Noch im April bekam Didier Burkhalter von den Schweizer Palästinenser-Freunden Übles zu hören. Der Schweizer Aussenminister hatte seinen israelischen Amtskollegen Avigdor Lieberman in Bern empfangen - einen Verfechter der israelischen Siedlungspolitik. In Burkhalters Büro stapelten sich daraufhin die Protestkarten der «Gesellschaft Schweiz - Palästina», an Demonstrationen wurde der FDP-Magistrat mitunter gar als «Agent Israels» tituliert.

Das Palästina-Lager hatte vorschnell geschossen. In den kommenden Tagen muss sich Burkhalter vielmehr auf Protestadressen von der Gegenseite gefasst machen.

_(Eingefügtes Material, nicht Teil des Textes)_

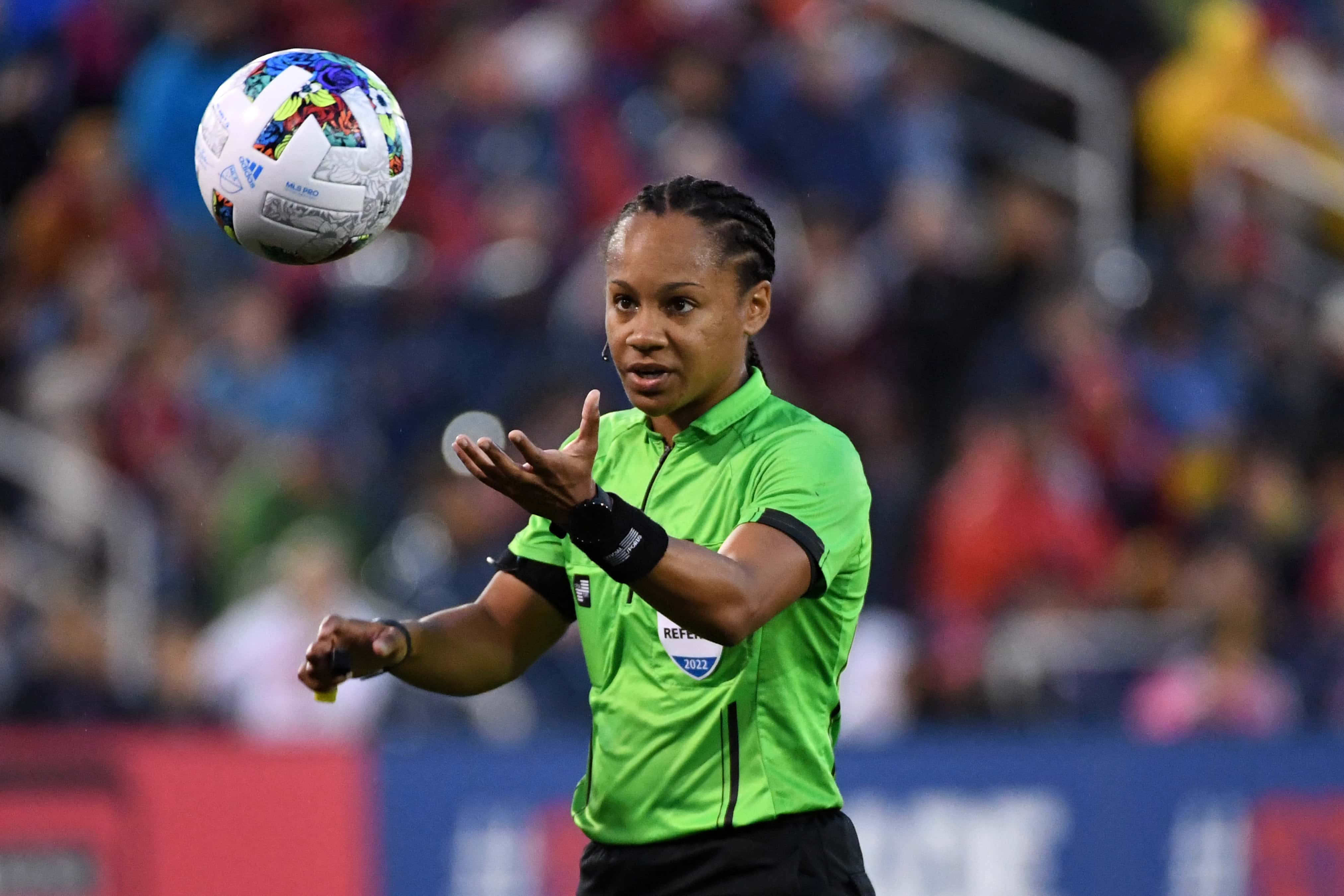 ST. LOUIS, MO - APRIL 24: Referee Natalie Simon during a game between Minnesota Utd 2 and St Louis City 2 at Robert R. Hermann Stadium on April 24, 2022 in St. Louis, Missouri. (Photo by Bill Barrett/ISI Photos/Getty Images)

Aus einer für gewöhnlich sehr gut informierten Quelle hat die «Nordwestschweiz» erfahren: Auf Burkhalters Antrag hin hat der Gesamtbundesrat gestern einer Aufwertung Palästinas zum UNO-Beobachterstaat zugestimmt. Das Thema wird an der nächsten Generalversammlung der Vereinten Nationen am Donnerstag kommender Woche in New York behandelt. Mit der Aufwertung würden die Palästinenser bei der UNO als Staat geführt, wenn auch nicht als Vollmitglied. Insbesondere dürfte sich nach einer Statusaufwertung der Internationale Strafgerichtshof in Den Haag mit Kriegsverbrechen und Verbrechen gegen die Menschlichkeit auf palästinensischem Territorium befassen können.

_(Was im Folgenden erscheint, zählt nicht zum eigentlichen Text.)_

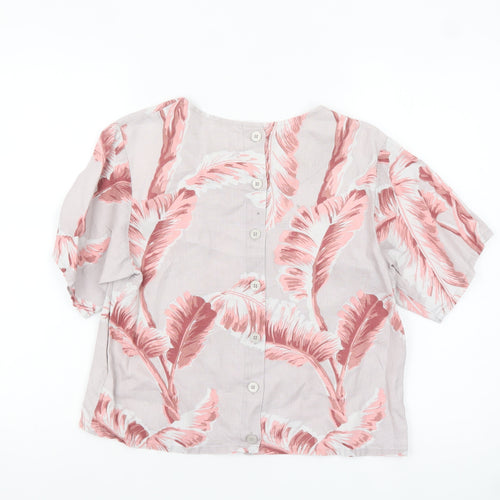 Thought Womens Pink Floral Hemp Short Sleeve Tunic Blouse XS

Der Beschluss ist noch geheim

Der bundesrätliche Entscheid wurde gestern noch nicht kommuniziert. Didier Burkhalter will zuerst die Aussenpolitische Kommission des Ständerats anhören, die am kommenden Mittwoch tagt. Die Landesregierung jedoch musste oder wollte sich jetzt schon festlegen, weil die nächste reguläre Bundesratssitzung erst am Tag nach der UNO-Generaldebatte stattfindet.
Ihren Segen bereits erteilt hat die Aussenpolitische Kommission des Nationalrats: Das Gremium begrüsste am Dienstag eine Aufwertung des Status von Palästina mit 13 gegen 9 Stimmen.
Burkhalter überrascht

Die Haltung des Bundesrates kann als einigermassen spektakulär bezeichnet werden. In Bundesbern war man bis vor kurzem davon ausgegangen, dass nach dem Rücktritt der palästinenserfreundlichen Aussenministerin Micheline Calmy-Rey in der Nahost-Politik mehr Zurückhaltung geübt wird. Entsprechend hatte bereits Burkhalters Positionsbezug von letzter Woche aufhorchen lassen. Nach einer Unterredung mit Palästinenserpräsident Machmud Abbas in Bern hatte er erklärt: Ein Nein der Schweiz zum Antrag der Palästinenser sei für ihn unvorstellbar. Der Bundesrat werde wohl entweder Zustimmung oder Stimmenthaltung beschliessen.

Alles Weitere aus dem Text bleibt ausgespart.